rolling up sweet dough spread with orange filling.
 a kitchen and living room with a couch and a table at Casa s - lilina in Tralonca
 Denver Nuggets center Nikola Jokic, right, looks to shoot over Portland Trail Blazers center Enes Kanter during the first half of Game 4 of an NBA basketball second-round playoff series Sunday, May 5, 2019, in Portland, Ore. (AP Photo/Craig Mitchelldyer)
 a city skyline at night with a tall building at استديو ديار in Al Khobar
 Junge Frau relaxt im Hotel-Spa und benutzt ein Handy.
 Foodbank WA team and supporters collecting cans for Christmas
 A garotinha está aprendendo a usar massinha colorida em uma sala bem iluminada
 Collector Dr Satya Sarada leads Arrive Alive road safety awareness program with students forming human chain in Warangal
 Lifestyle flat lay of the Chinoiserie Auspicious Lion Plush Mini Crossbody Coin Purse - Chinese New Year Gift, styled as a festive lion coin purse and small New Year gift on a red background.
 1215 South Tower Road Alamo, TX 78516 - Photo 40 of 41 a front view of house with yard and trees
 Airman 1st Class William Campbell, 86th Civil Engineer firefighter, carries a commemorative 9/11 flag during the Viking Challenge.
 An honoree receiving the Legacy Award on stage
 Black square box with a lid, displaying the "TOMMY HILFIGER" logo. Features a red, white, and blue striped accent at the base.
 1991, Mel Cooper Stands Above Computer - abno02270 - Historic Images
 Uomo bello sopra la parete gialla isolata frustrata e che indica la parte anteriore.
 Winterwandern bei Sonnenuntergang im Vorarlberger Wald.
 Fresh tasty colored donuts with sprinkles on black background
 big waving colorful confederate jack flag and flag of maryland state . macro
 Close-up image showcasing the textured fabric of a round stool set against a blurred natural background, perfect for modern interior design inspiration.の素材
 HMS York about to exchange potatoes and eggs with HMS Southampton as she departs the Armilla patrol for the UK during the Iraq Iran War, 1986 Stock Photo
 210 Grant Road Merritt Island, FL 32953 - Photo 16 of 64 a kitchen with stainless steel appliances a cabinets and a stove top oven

──────────

**WHAT YOU HAVE TO DO**
Starting at the line above that holds "Uomo bello sopra" and ending at the line that holds "big waving colorful", transcribe each line exactly and include no other lines.

**RESULT OF THIS EXERCISE**
 Uomo bello sopra la parete gialla isolata frustrata e che indica la parte anteriore.
 Winterwandern bei Sonnenuntergang im Vorarlberger Wald.
 Fresh tasty colored donuts with sprinkles on black background
 big waving colorful confederate jack flag and flag of maryland state . macro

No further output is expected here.